*Task item:* Pictures stay out; everything else in the listing below is to be restated word for word.

*Dataset extract:*

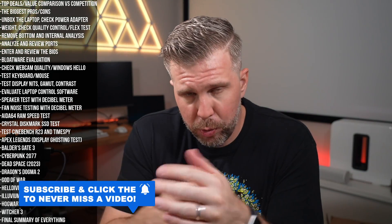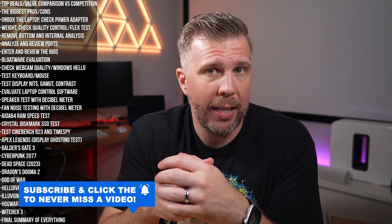That's my review of the Asus TUF A16. I hope you enjoyed it. Please drop a like and consider subscribing for more gaming laptop content and gaming content in general. Thank you so much — I'll see you in the next one. Brandon out. Huzzah.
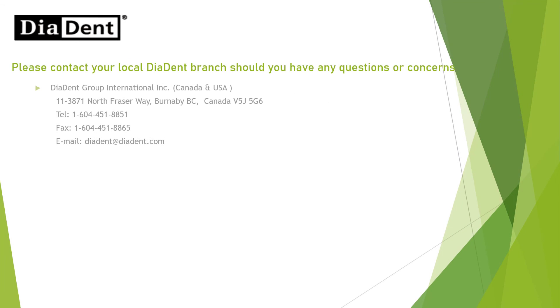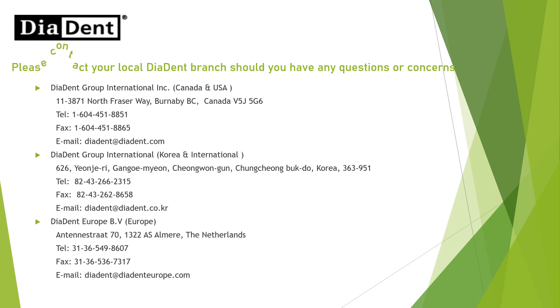Please contact your local Diadent branch should you have any questions or concerns.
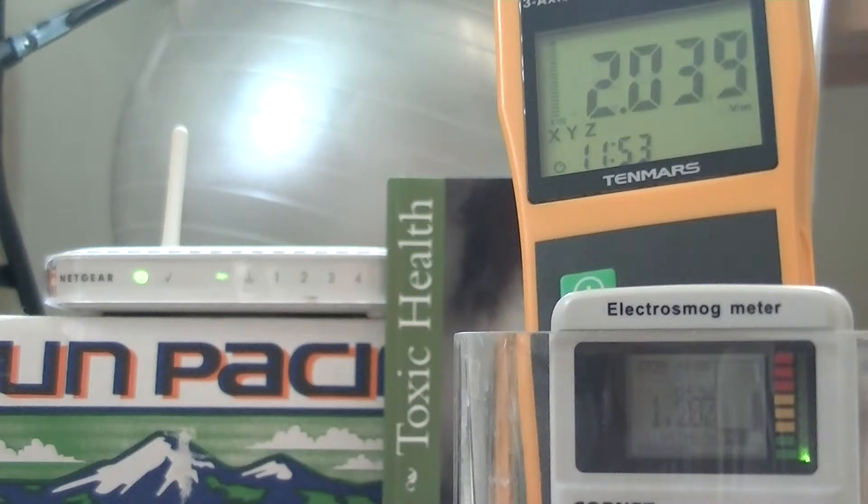Which it has just done so. We can see that our values have settled down to about two volts per meter on the upper meter. I now want to put the meters inside the chicken wire Faraday cage because I'm interested to see the effect that chicken wire has on this signal.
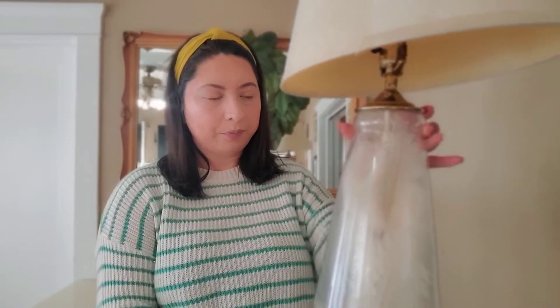I like to start styling my entryway table with my biggest or tallest pieces, and I like to start in the corners. Not necessarily are my corners going to be symmetrical, but I try to match them as far as height or close to height. So I am going to start off with this beautiful lamp — I found this lamp at Goodwill and I just absolutely love it.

*Solution to this task:*
That's my review of the Asus TUF A16. I hope you enjoyed it. Please drop a like and consider subscribing for more gaming laptop content and gaming content in general. Thank you so much — I'll see you in the next one. Brandon out. Huzzah.
Please contact your local Diadent branch should you have any questions or concerns.
Which it has just done so. We can see that our values have settled down to about two volts per meter on the upper meter. I now want to put the meters inside the chicken wire Faraday cage because I'm interested to see the effect that chicken wire has on this signal.
I like to start styling my entryway table with my biggest or tallest pieces, and I like to start in the corners. Not necessarily are my corners going to be symmetrical, but I try to match them as far as height or close to height. So I am going to start off with this beautiful lamp — I found this lamp at Goodwill and I just absolutely love it.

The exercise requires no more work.